I came from using a shared hosting account for some of my small clients, but I've now moved on to using Vultr and Digital Ocean to host my websites.
With shared hosting I was able to create multiple email account for each small business I managed via the cPanel. I could host over 20+ websites and have 5+ domain emails per site.
Example:
• [email protected]
• [email protected]
• [email protected]
• etc...
Other than buying emails from Godaddy or creating domain emails via gmail's gSuite. Are there any options for creating personal domain emails via Vultr or Digital Oceans VPS. For free?
I haven't done this but I think you might be able to use a service like Mailgun, which has a nice free tier, and this package to get the job done. https://laravel-news.com/laravel-inbound-email
Let me know how it goes. I might use this setup for a new side project I'm working on.
I actually just finished setting up my Mailgun account for sending emails out. Had no idea I could use it to receive emails too. Will definitely try it out. Thanks for the tip!
Though what I'm looking for is a way to create a few free emails I can use for people on my team that I can IMAP to Outlook and my phone. Basically just like a regular "professional" domain email account.
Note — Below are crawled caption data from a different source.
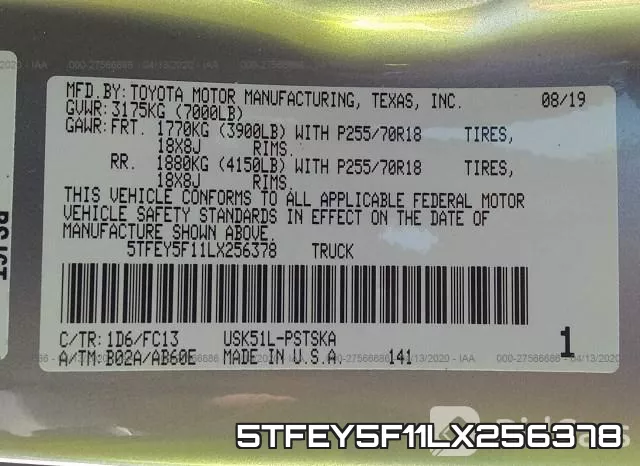 5TFEY5F11LX256378 фото 10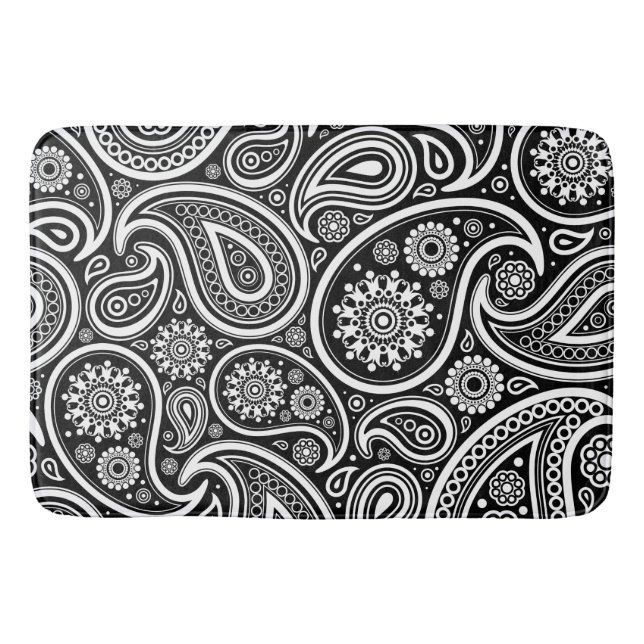 Paisley Pattern, Persian Paisley, Black and White Bath Mat (Front)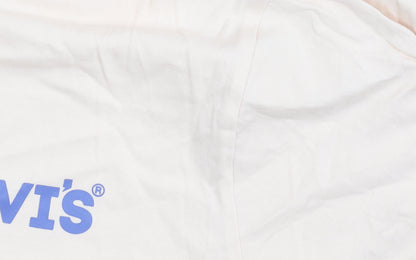 Levi's Men's Beige Short Sleeve Crew Neck Logo Cotton T-Shirt Size L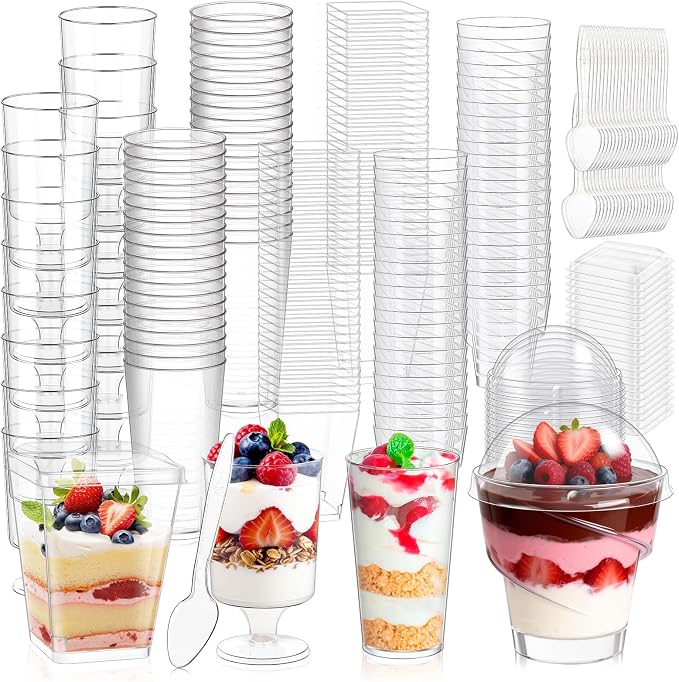 mwellewm 390 Pcs Dessert Cups with Lids and Spoons, 5 OZ Parfait Cups 3 OZ Plastic Desert Cups Clear Mini Shooter Cups for Party Reusable Small Appetizer Serving Fruit Cup Ice Cream Cake Pudding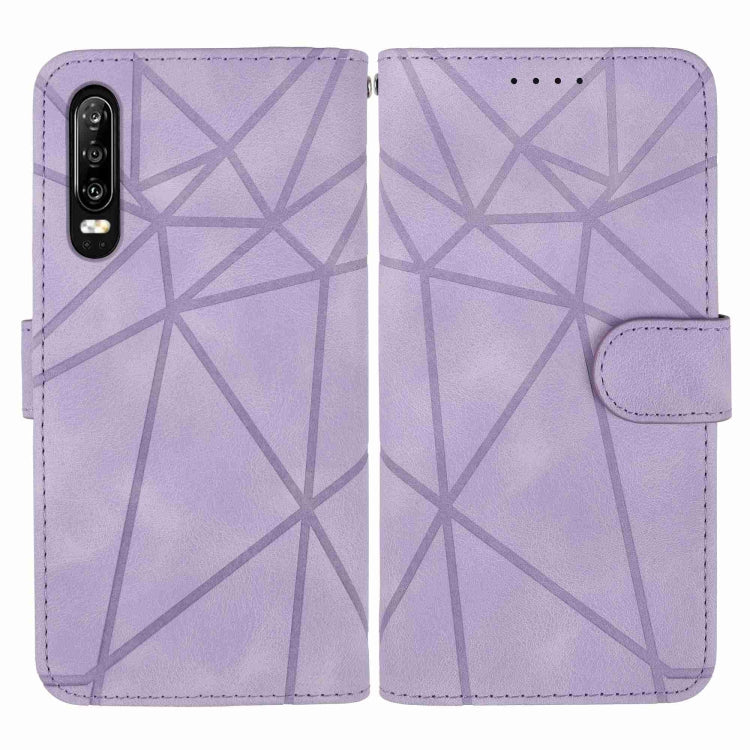 For Huawei P30 Skin Feel Geometric Lines Leather Phone Case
I suppose I could create multiple email forwarders on GoDaddy and send to my gmail account... then Send emails from my gmail account using an email alias tied to my domain.
Was just hoping there was an easier solution than a hacky workaround.
Something similar to when Gmail used to let you create 5 free domain emails back in the day. Are there any other services like that today?
We simply tell new clients we don't host emails, 90% of the time they already have office365 anyway.
Of course we came to the decision the hard way, loosing money trying to fix email issues.
In the rare case that we take on a client that is unwilling to pay for email accounts from Microsoft or Gsuite, we use zoho.com.
Zoho is basically a free Gsuite.
It's amazing for a free service.
But in the long term, the best solution is to get better clients that take their business serious enough to pay for email!
@SNAPEY - This looks pretty useful. So Mail in a box is free, but needs to run on it's own server / droplet which makes it $5 a month. Is that correct?